# Instructions for the task
Exactly as written, copy the lines that run from the start of the data below to the line containing "VISHAY BZX55C11-TR", both ends included.

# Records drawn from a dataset
────────────────────────────────────────

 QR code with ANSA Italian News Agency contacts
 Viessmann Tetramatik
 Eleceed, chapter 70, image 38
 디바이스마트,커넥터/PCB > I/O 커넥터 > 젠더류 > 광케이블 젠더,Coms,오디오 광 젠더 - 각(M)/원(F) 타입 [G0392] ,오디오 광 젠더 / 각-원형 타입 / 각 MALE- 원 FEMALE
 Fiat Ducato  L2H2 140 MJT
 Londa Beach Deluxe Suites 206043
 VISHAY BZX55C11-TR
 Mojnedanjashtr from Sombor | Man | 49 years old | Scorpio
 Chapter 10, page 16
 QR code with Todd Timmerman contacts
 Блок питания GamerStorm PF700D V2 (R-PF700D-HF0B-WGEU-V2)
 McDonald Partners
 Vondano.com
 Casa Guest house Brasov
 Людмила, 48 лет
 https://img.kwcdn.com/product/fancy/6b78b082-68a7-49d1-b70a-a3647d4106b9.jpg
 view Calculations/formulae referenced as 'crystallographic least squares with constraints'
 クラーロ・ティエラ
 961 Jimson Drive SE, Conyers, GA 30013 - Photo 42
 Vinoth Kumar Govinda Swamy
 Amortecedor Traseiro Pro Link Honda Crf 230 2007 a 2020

────────────────────────────────────────

# Task result
 QR code with ANSA Italian News Agency contacts
 Viessmann Tetramatik
 Eleceed, chapter 70, image 38
 디바이스마트,커넥터/PCB > I/O 커넥터 > 젠더류 > 광케이블 젠더,Coms,오디오 광 젠더 - 각(M)/원(F) 타입 [G0392] ,오디오 광 젠더 / 각-원형 타입 / 각 MALE- 원 FEMALE
 Fiat Ducato  L2H2 140 MJT
 Londa Beach Deluxe Suites 206043
 VISHAY BZX55C11-TR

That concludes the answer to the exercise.